_EXERCISE REQUIREMENTS_
Reproduce verbatim the final portion of the material below, from the line containing "바이오가스 GC-TCD 분석결과" through its last line, and nothing else.

++++ SOURCE INFORMATION

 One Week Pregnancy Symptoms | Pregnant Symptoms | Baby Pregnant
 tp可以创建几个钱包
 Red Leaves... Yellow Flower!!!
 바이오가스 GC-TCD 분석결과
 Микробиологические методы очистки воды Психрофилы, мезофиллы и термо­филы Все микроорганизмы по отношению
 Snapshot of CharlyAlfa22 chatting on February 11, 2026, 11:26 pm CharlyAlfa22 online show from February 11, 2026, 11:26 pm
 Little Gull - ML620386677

++++++++

_EXERCISE OUTPUT_
 바이오가스 GC-TCD 분석결과
 Микробиологические методы очистки воды Психрофилы, мезофиллы и термо­филы Все микроорганизмы по отношению
 Snapshot of CharlyAlfa22 chatting on February 11, 2026, 11:26 pm CharlyAlfa22 online show from February 11, 2026, 11:26 pm
 Little Gull - ML620386677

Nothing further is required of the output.